Facebook, Instagram, Threads, X, YouTube, Snapchat, Reddit, Kick, Twitch and TikTok are expected to have taken steps from Wednesday to remove accounts held by users under 16 years of age in Australia, and prevent those teens from registering new accounts.

Platforms that do not comply risk fines of up to $49.5m.

There have been some teething problems with the ban’s implementation. Guardian Australia has received several reports of those under 16 passing the facial age assurance tests, but the government has flagged it is not expecting the ban will be perfect from day one.

All listed platforms apart from X had confirmed by Tuesday they would comply with the ban. The eSafety commissioner, Julie Inman Grant, said it had recently had a conversation with X about how it would comply, but the company had not communicated its policy to users.

Bluesky, an X alternative, announced on Tuesday it would also ban under-16s, despite eSafety assessing the platform as “low risk” due to its small user base of 50,000 in Australia.

Parents of children affected by the ban shared a spectrum of views on the policy.

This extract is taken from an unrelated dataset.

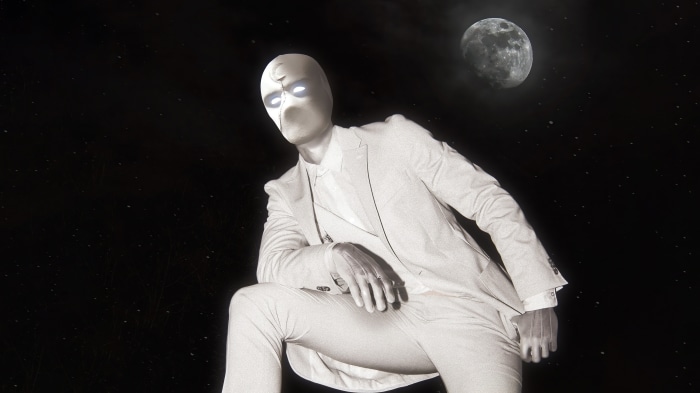 Moon Knight in a Suit with the Moon in the Background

One parent told the Guardian their 15-year-old daughter was “very distressed” because “all her 14 to 15-year-old friends have been age verified as 18 by Snapchat”. Since she had been identified as under 16, they feared “her friends will keep using Snapchat to talk and organise social events and she will be left out”.

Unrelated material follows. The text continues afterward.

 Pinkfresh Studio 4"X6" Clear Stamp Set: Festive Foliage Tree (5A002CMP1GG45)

Others said the ban “can’t come quickly enough”. One parent said their daughter was “completely addicted” to social media and the ban “provides us with a support framework to keep her off these platforms”.

“The fact that teenagers occasionally find a way to have a drink doesn’t diminish the value of having a clear, ­national standard.”

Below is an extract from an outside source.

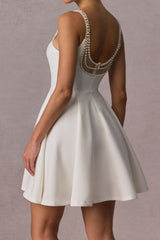 camille Open Back Pearl Embelished Mini Dress in white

Polling has consistently shown that two-thirds of voters support raising the minimum age for social media to 16. The opposition, including leader Sussan Ley, have recently voiced alarm about the ban, despite waving the legislation through parliament and the former Liberal leader Peter Dutton championing it.

The ban has garnered worldwide attention, with several nations indicating they will adopt a ban of their own, including Malaysia, Denmark and Norway. The European Union passed a resolution to adopt similar restrictions, while a spokesperson for the British government told Reuters it was “closely monitoring Australia’s approach to age restrictions”.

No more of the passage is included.